While Disney films got extra chilling during the ’80s (there’s a reason the studio, ever worried about presenting itself as the home of middle-of-the-road four-quadrant entertainment these days, likes to pretend “Something Wicked This Way Comes” doesn’t exist), this was far from unprecedented. The company’s first-ever animated feature films, “Snow White and the Seven Dwarfs” and “Pinocchio,” did their best to scare the socks off kids, with cackling villains who like to murder young women or transform boys into donkeys and sell them off for manual labor. This was the Disney that Lloyd was raised on, and the reason he loves when Doom murders a cute animated shoe in “Roger Rabbit.” As he explained during a 2020 Twitter Q&A (via The Hollywood Reporter):
“I know that is mean and cruel and a lot of people said it gave them nightmares. Well, [in] some of the first Disney films I ever saw, like ‘Snow White and the Seven Dwarfs,’ etc., there was always something horrible done then, and I would have nightmares. So, it’s kind of payback.”
Lloyd is obviously being playful with his response, but he’s speaking to something meaningful.
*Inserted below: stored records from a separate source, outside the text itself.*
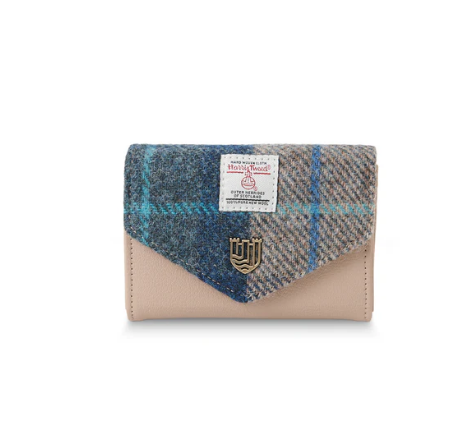 Navy Beige Clasp Purse Harris Tweed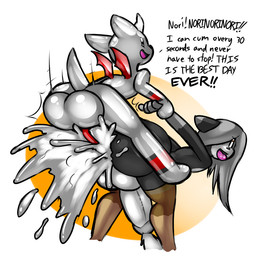 abstract_background anthro arm_grab arm_pull balls bent_over big_balls big_butt big_penis bodily_fluids butt cum duo erection excessive_cum excessive_genital_fluids from_behind_position genital_fluids genitals huge_balls inflatable latex male male/male penis prison_guard_position rear_view sex sex_doll simple_background text norithics mythology norithics_"nori"_kusemurai rutherford_(tkongingi) animate_inanimate dragon living_inflatable mammal mythological_creature mythological_scalie procyonid raccoon scalie english_text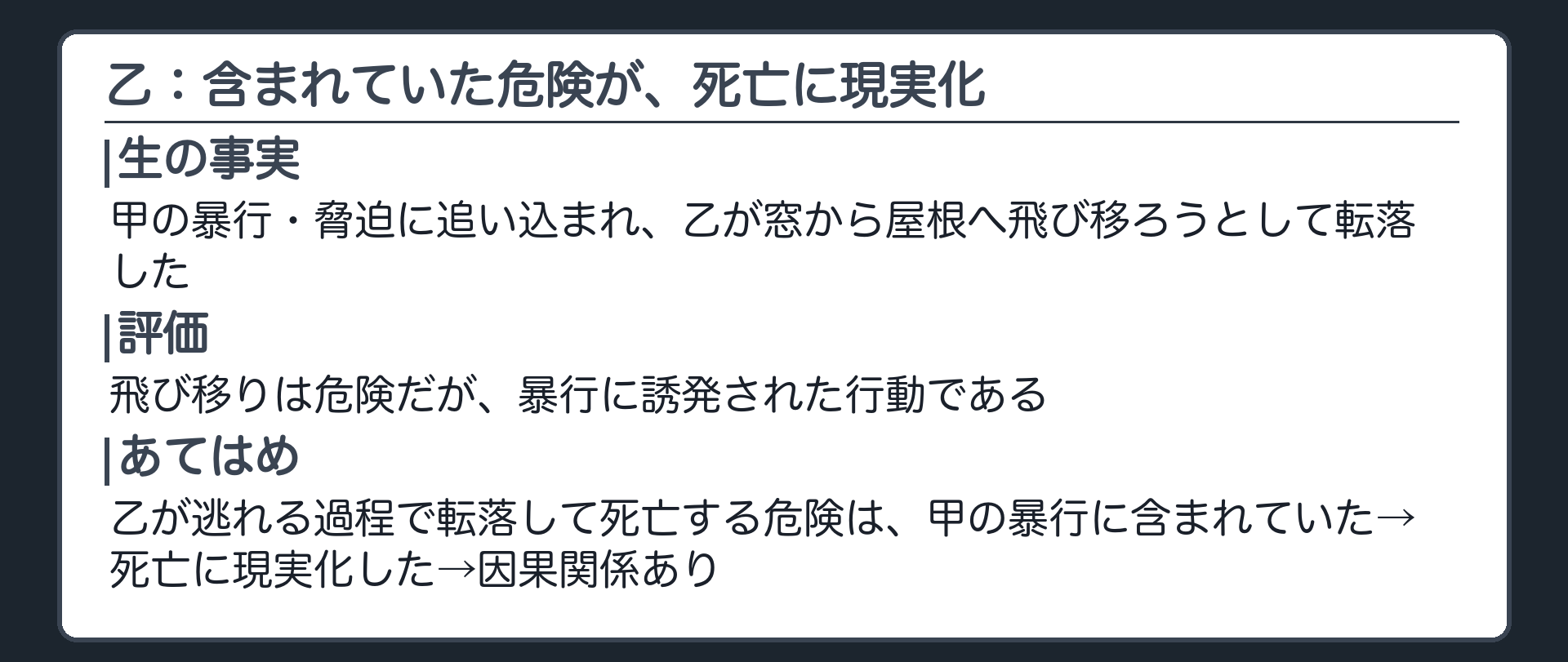 乙：含まれていた危険が、死亡に現実化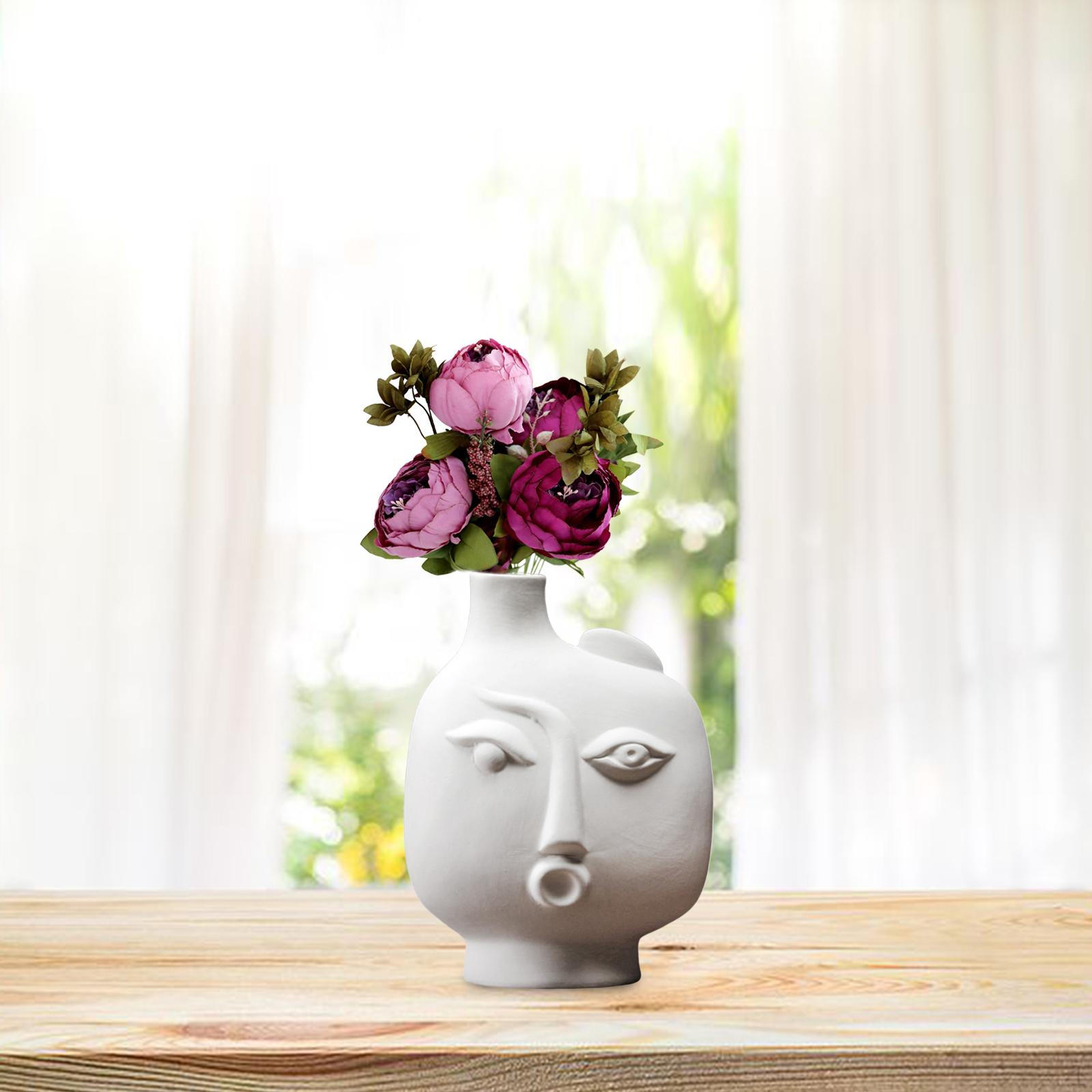 Абстрактная керамическая статуэтка Белый человеческий цветочный горшок Кашпо Декор для дома Офиса Общежития 12.5x16.5x7.5cm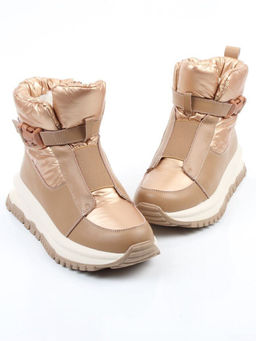 04-WG037-1M DK. BEIGE/GOLD Ботинки зимние женские (натуральная кожа, курточная ткань, 100% шерсть)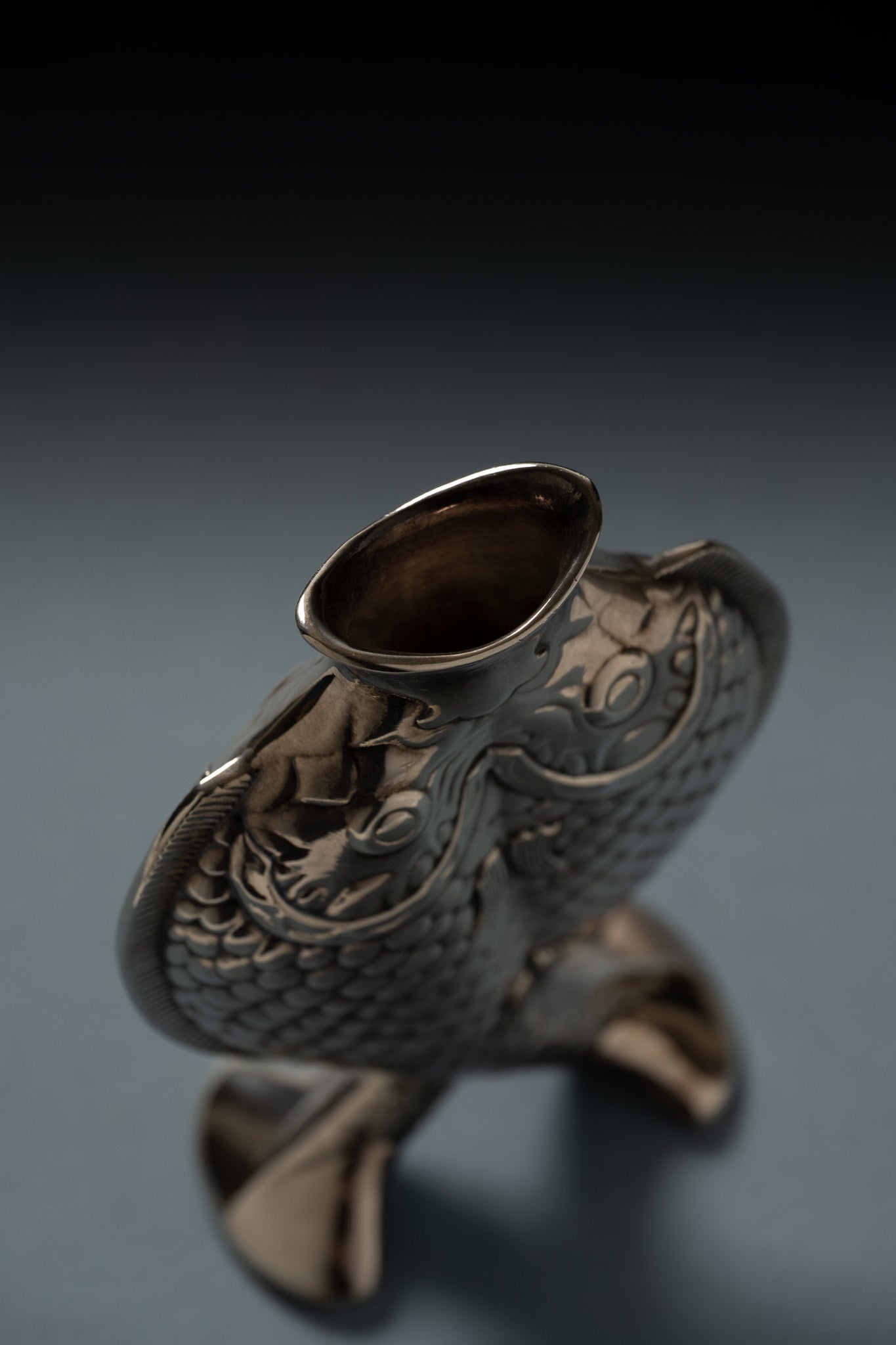 VASE POISSONS EN MÉTAL ARGENTÉ, CHRISTOFLE, 1980s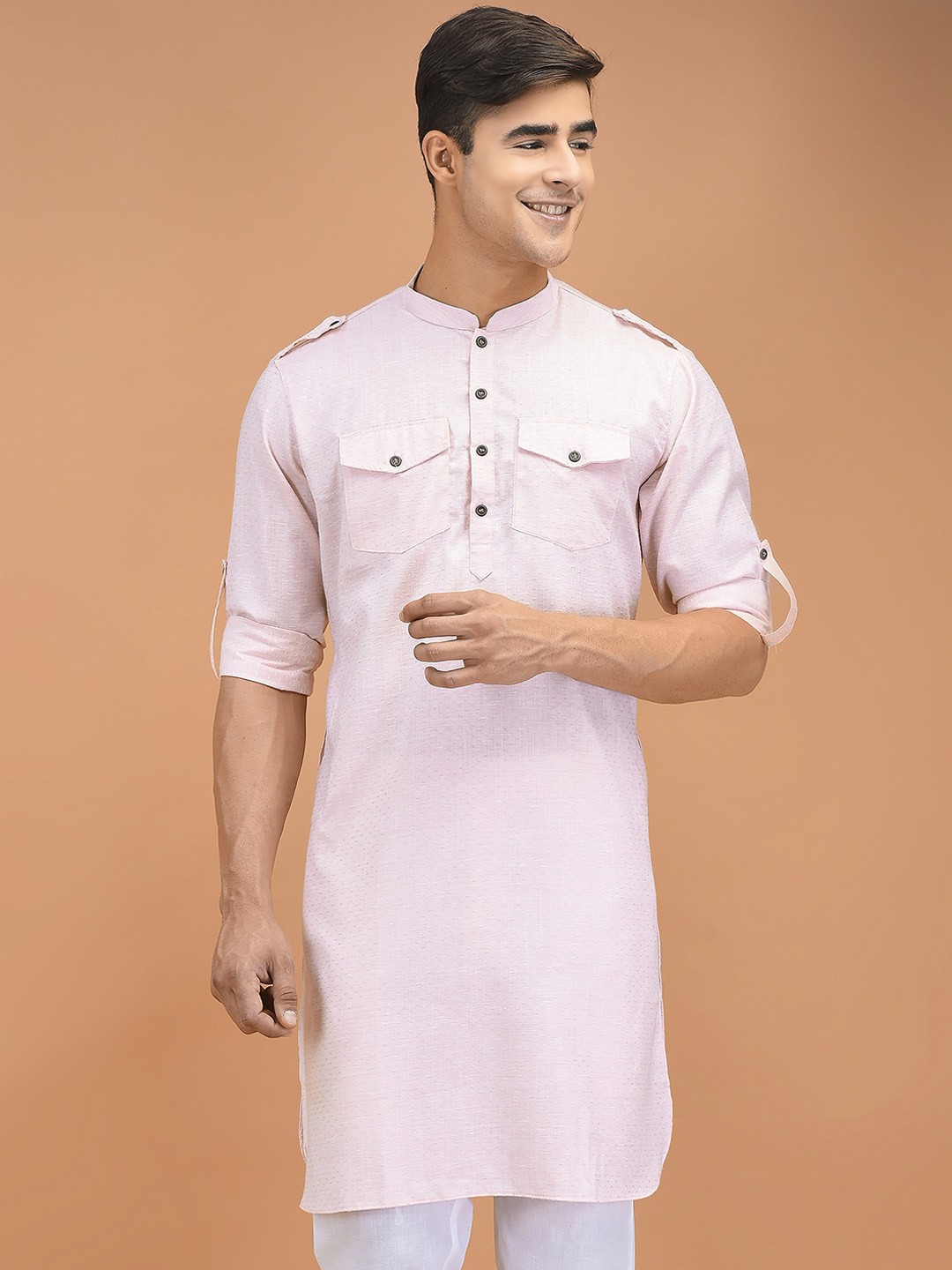 

DEYANN Mandarin Collar Jacquard Pathani Kurta, Pink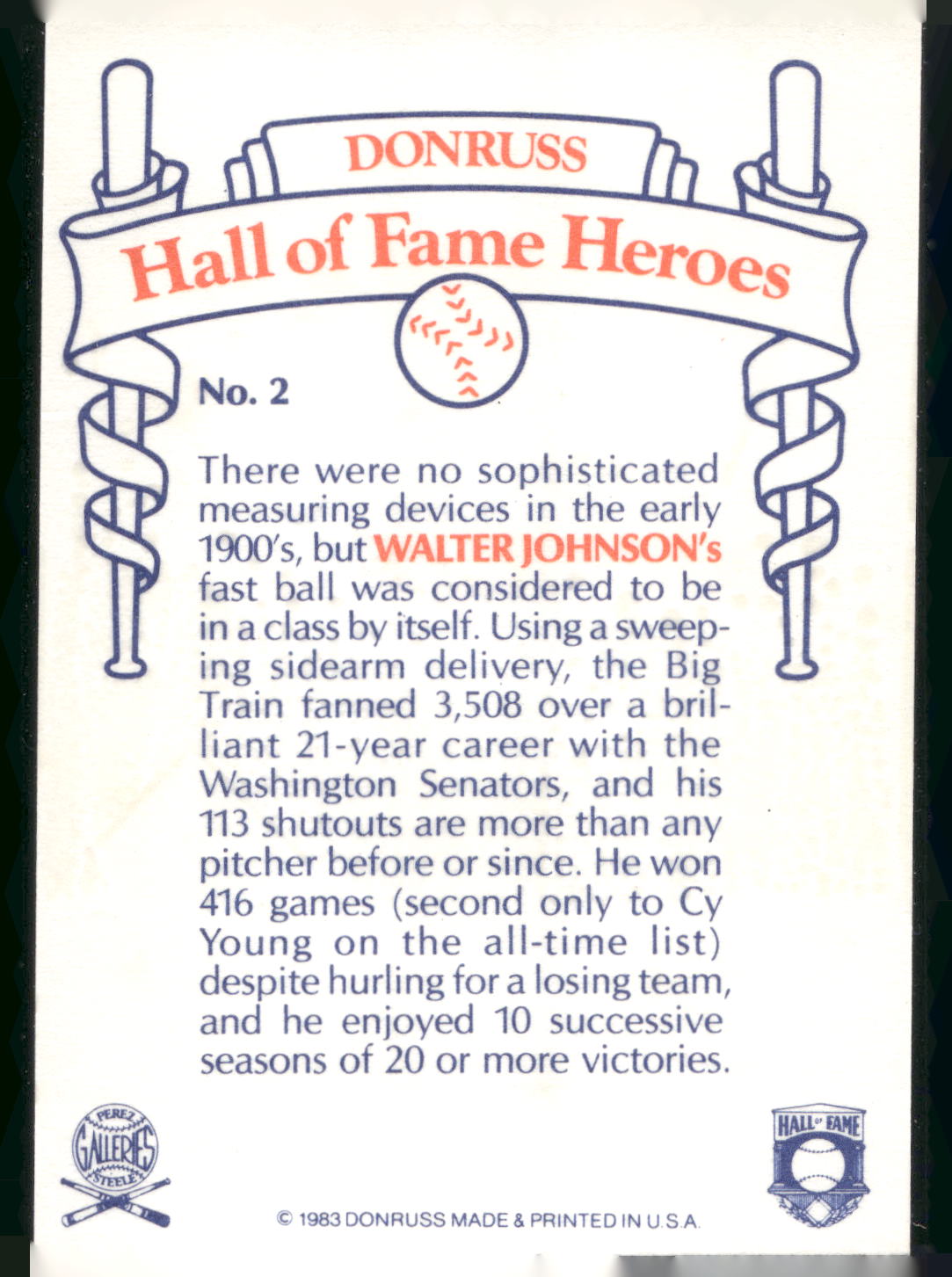 1983 Donruss Hall of Fame Heroes #2 Walter Johnson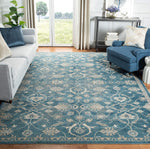 Sofia Collection Vintage Oriental Distressed Soft Area Rug Blue / Beige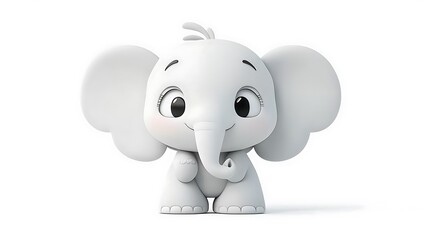 愛らしい象の赤ちゃん、3Dレンダリング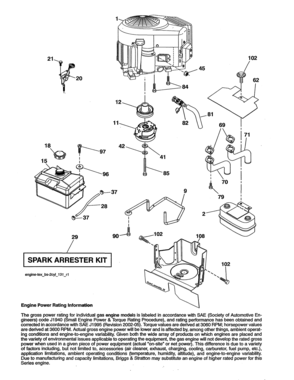Engine Diagram and Parts List for 917991450  Craftsman Lawn Tractor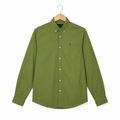 WEELZ classic cotton button-down shirt — olive front view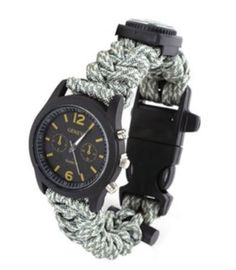 a watch that is on top of a rope with a black case and yellow face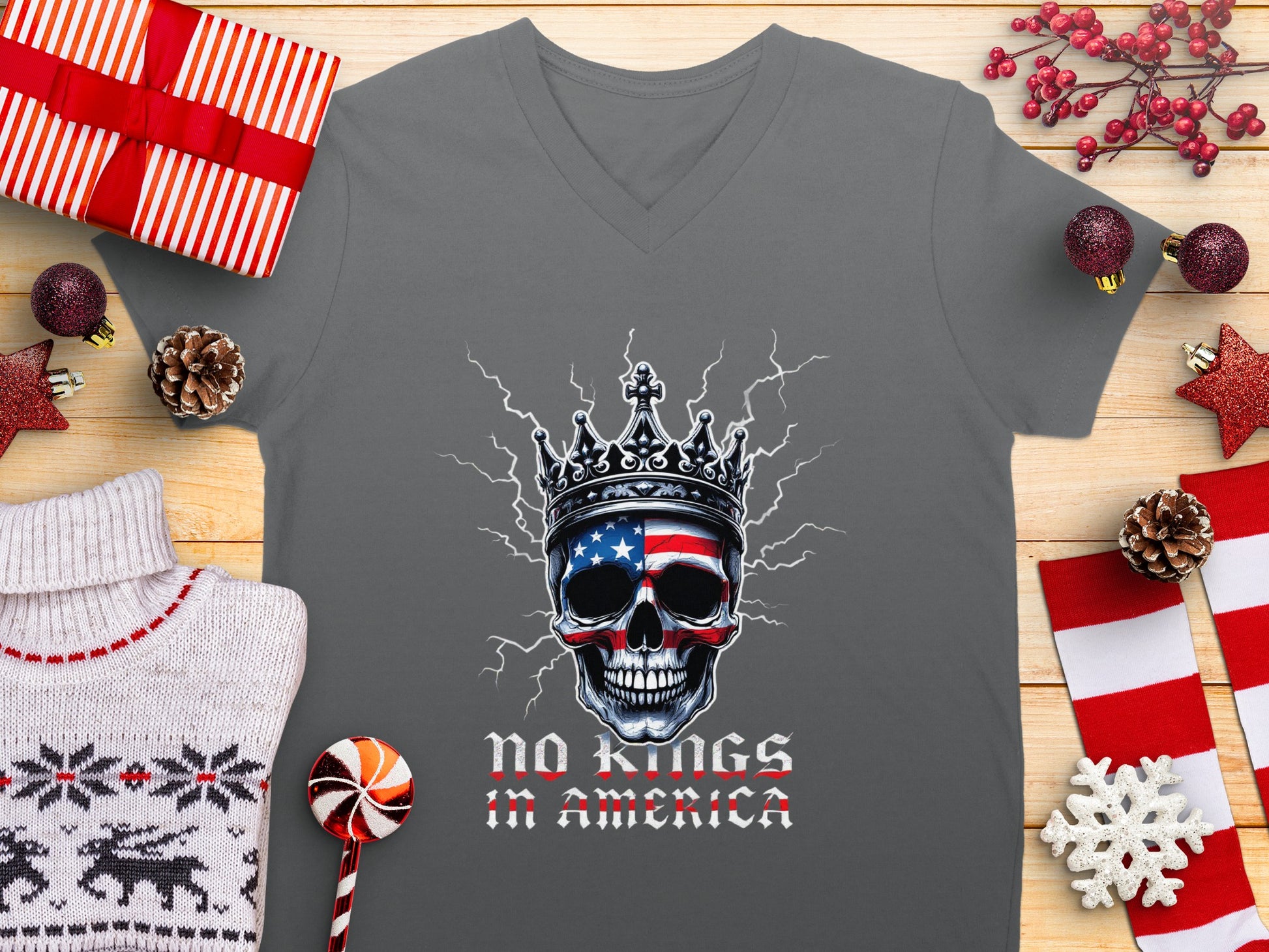No Kings in America Skull T-Shirt Perfect Outfit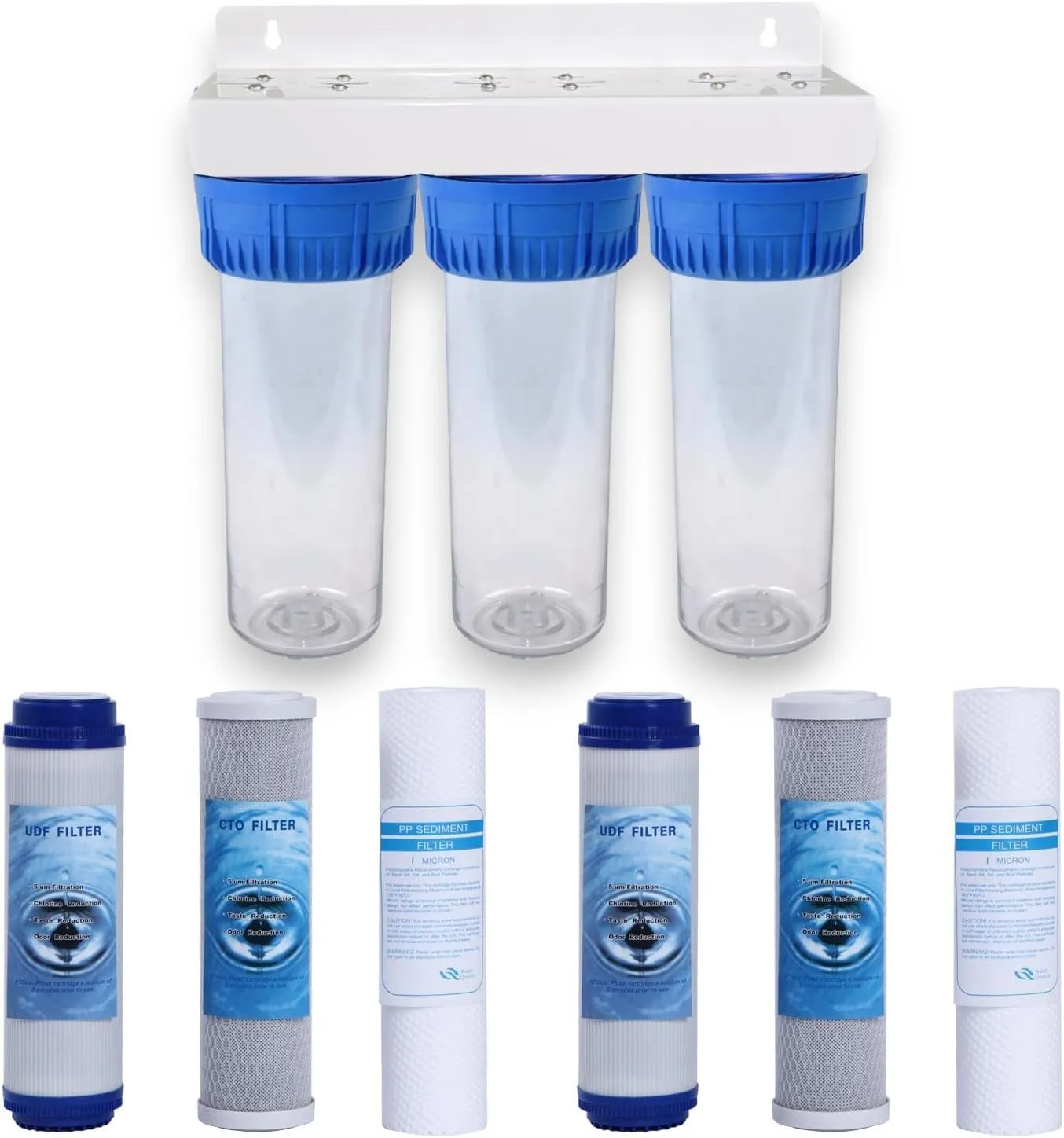 MGidea Kit Filtrazione Acqua Domestica a Tre Stadi con 6 Cartucce Filtranti NW-BR10B4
As I’ve written about before regarding another weird-ass ’80s Disney fantasy film, “Return to Oz,” exposing kids to scary stories can help prepare them to grow up and face the Judge Dooms of the real world. You might not be able to stop them from doing more harm by turning their own toon-killing, Dip-spewing machine against them, but it’s better to acknowledge those types of evil-doers are out there and they’re not all misunderstood or sympathetic. Some of them are just nefarious a-holes who want to demolish Toontown so they can build a freeway and line their pockets with moola.